Top of Task inputs
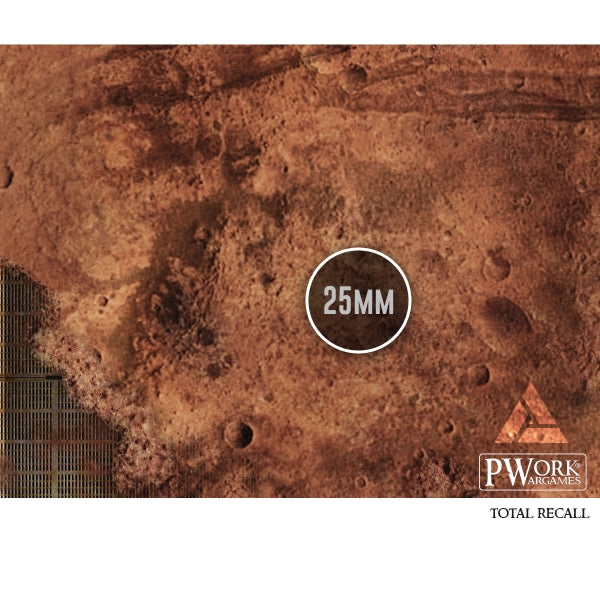PWork - Total Recall - Wargames Terrain Mat - 44X30"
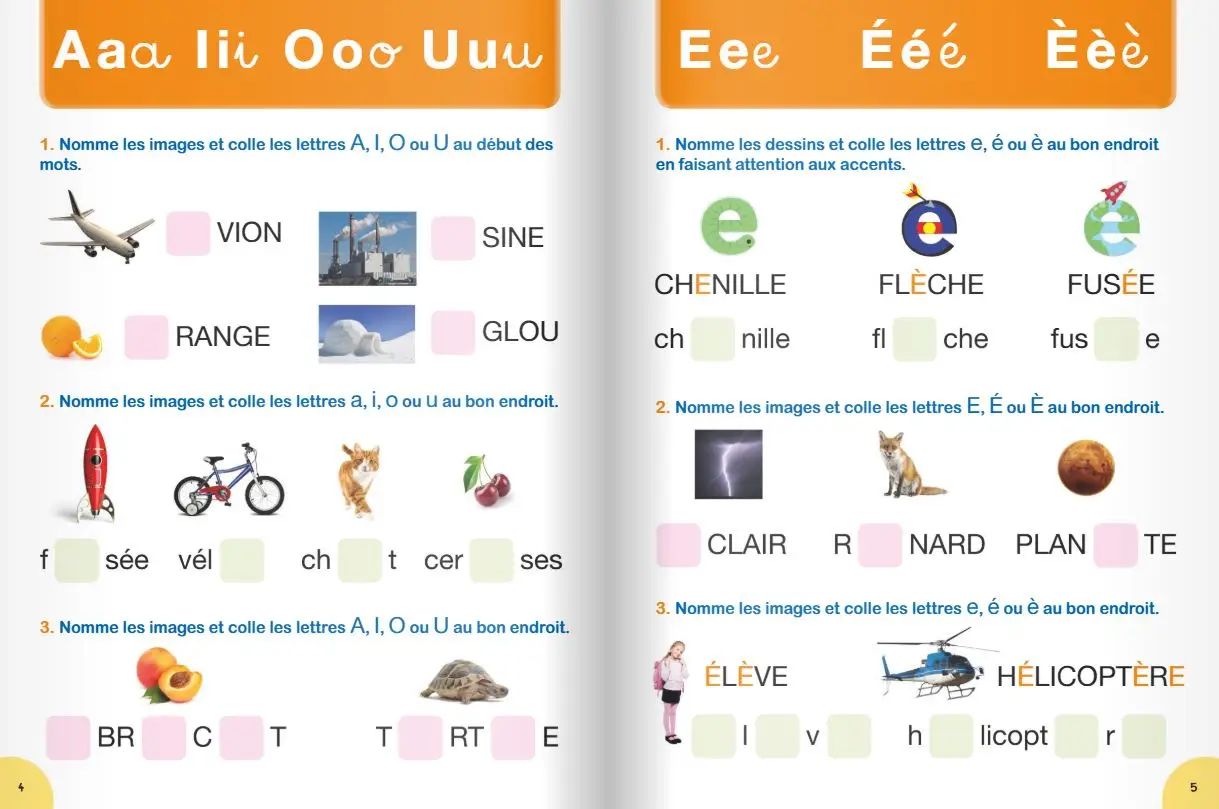 Cahier de syllabes  - Regarde, je lis ! - dès 5 ans - Cahier d'exercices - 9782095029968 - page intérieure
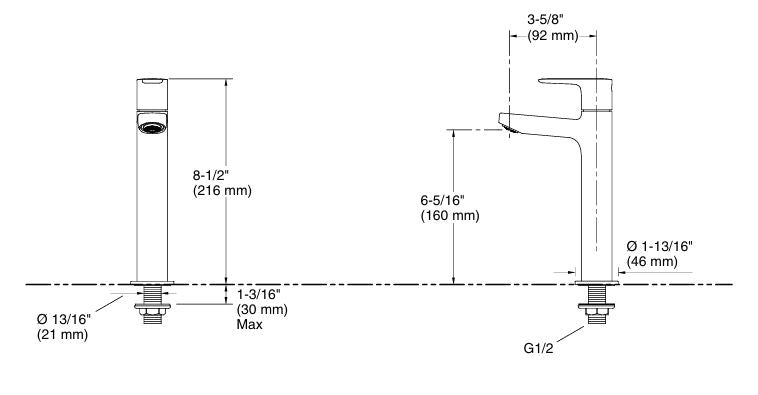 ACCLIV TALL PILLAR TAP (COLD ONLY) - KOHLER POPULAR - ( CHROME - POPULAR - 0x15 mm - 0inchX0.6inch )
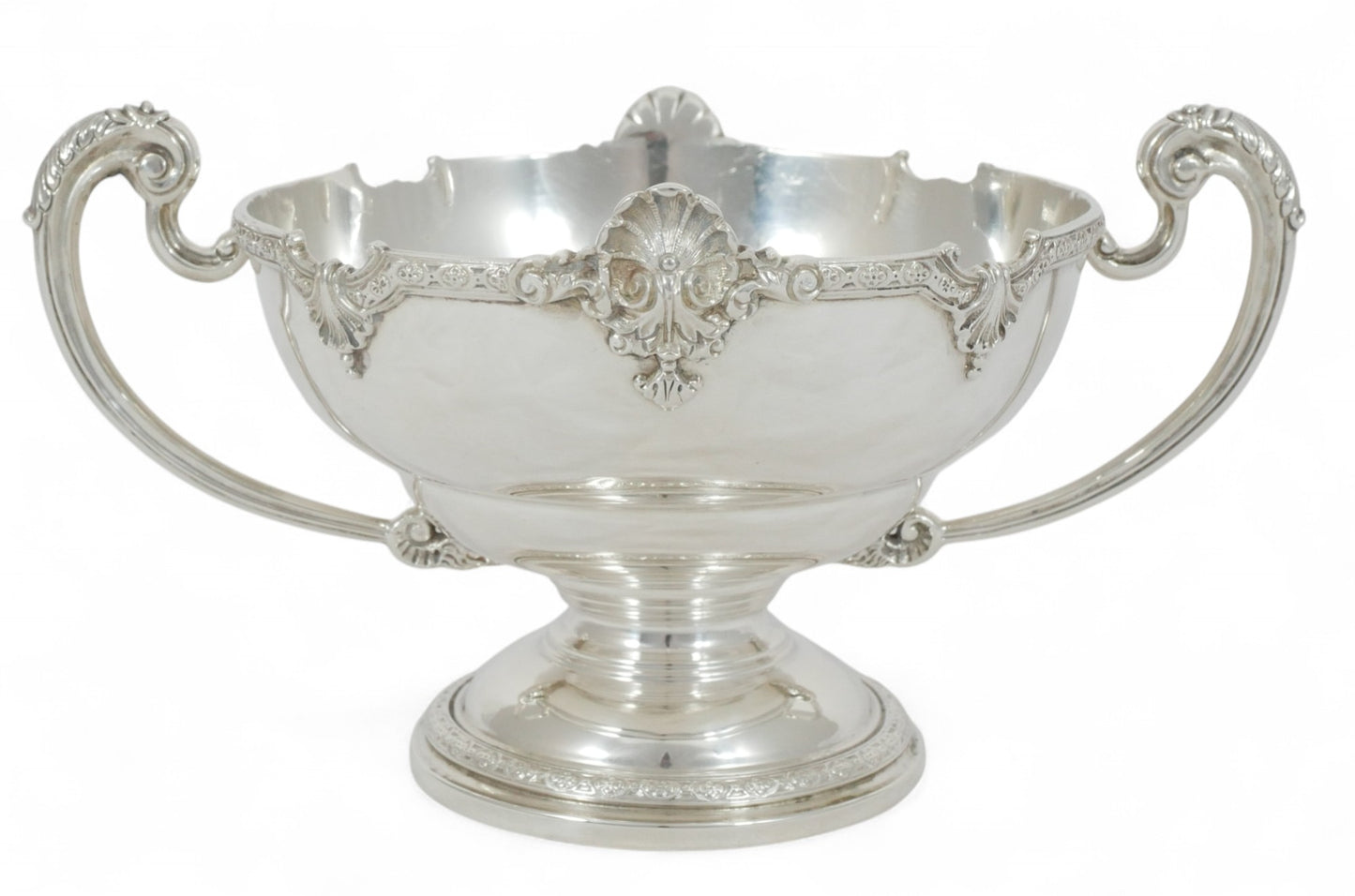 Antique Art Deco 1947 Sterling Silver Horovitz Comport Footed Bowl Loving Cup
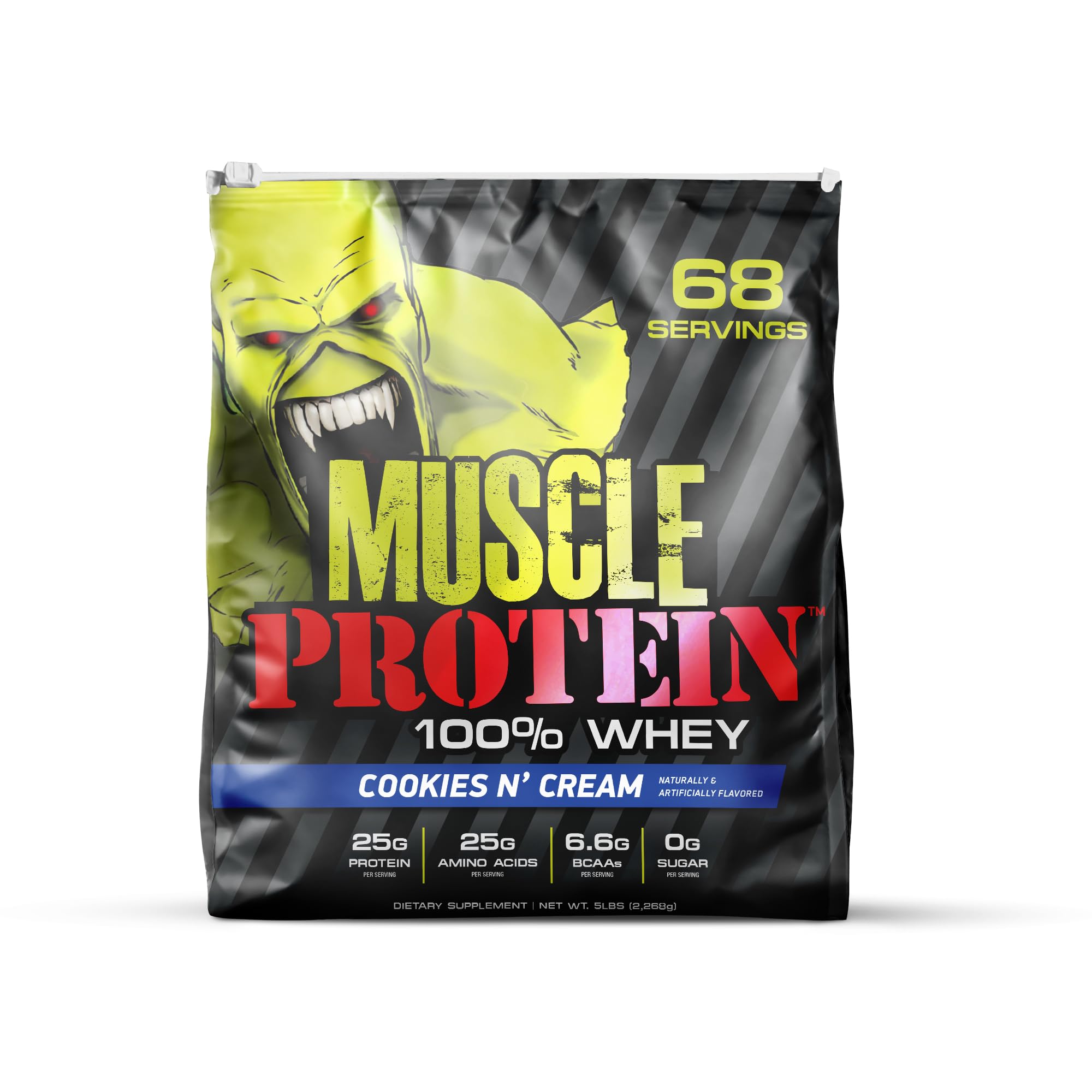COLOSSAL LABS Muscle Whey en bote, proteína de rápida disolución para batidos.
Bottom of Task inputs
■ Problem description ■
Return only the lines from the start of the data through the line that contains "ACCLIV TALL PILLAR", please, copying them exactly and omitting all pictures.

■ Written solution ■
PWork - Total Recall - Wargames Terrain Mat - 44X30"
 Cahier de syllabes  - Regarde, je lis ! - dès 5 ans - Cahier d'exercices - 9782095029968 - page intérieure
 ACCLIV TALL PILLAR TAP (COLD ONLY) - KOHLER POPULAR - ( CHROME - POPULAR - 0x15 mm - 0inchX0.6inch )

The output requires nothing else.